-- DATA BLOCK --
◆ ◆ ◆ ◆

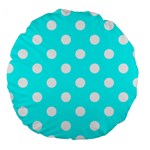 Polka Dots - White on Aqua Cyan Large 18  Premium Round Cushion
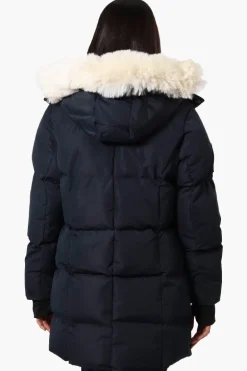 Super Triple Goose Faux Fur Thumb Hole Parka Jacket - Navy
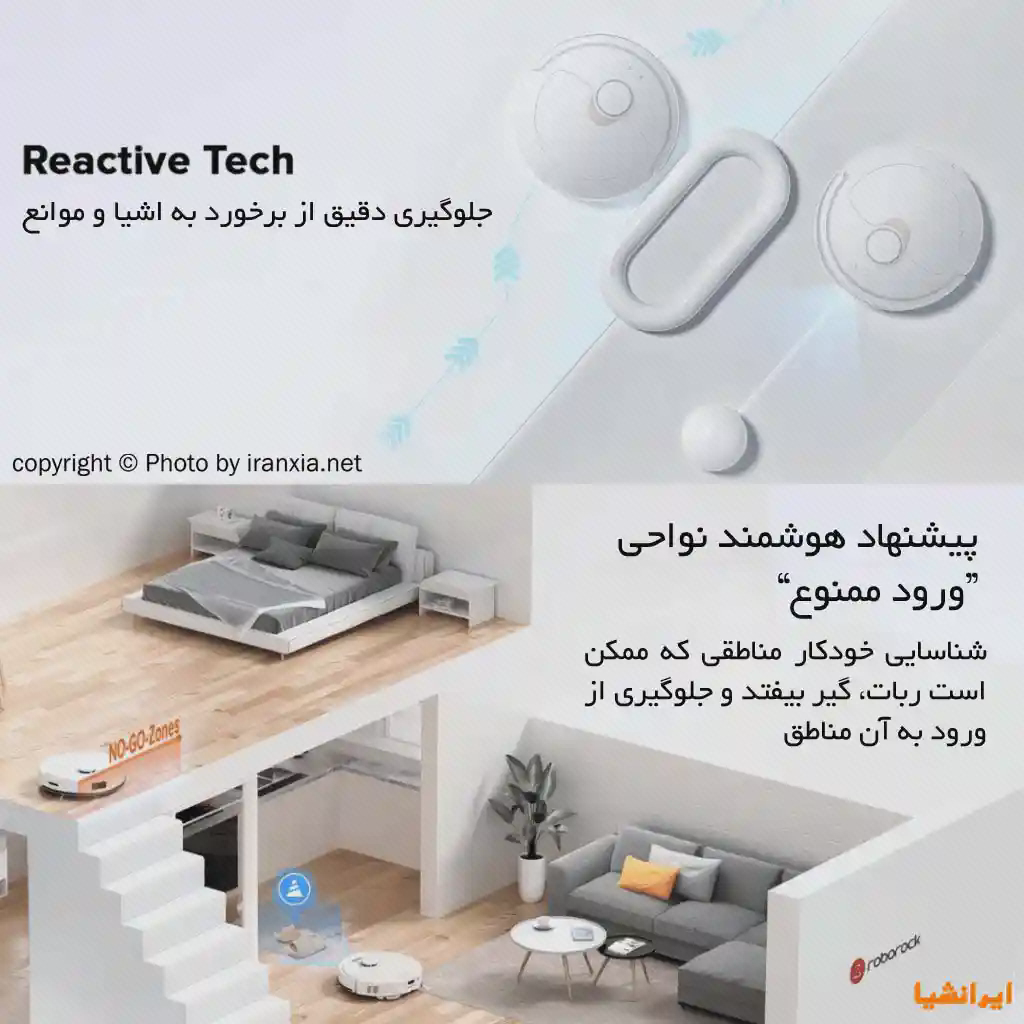 پوستر حسگر و محدودههای نظافت Q Revo پوستر Roborock Q Revo با تصاویر حسگر، موانع اتاق و محدودههای ممنوعه همراه نوشتههای فارسی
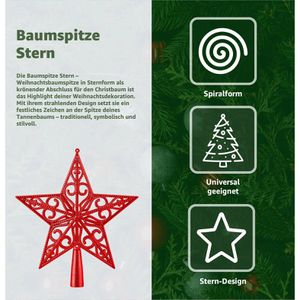 Produktbild für Christbaumspitze TK-Gruppe 98403, glänzend, rot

◆ ◆ ◆ ◆

-- TASK TO COMPLETE --
Return the data exactly as it stands, minus the pictures.

-- RESPONSE TO THIS TASK --
 Polka Dots - White on Aqua Cyan Large 18  Premium Round Cushion
 Super Triple Goose Faux Fur Thumb Hole Parka Jacket - Navy
 پوستر حسگر و محدودههای نظافت Q Revo پوستر Roborock Q Revo با تصاویر حسگر، موانع اتاق و محدودههای ممنوعه همراه نوشتههای فارسی
 Produktbild für Christbaumspitze TK-Gruppe 98403, glänzend, rot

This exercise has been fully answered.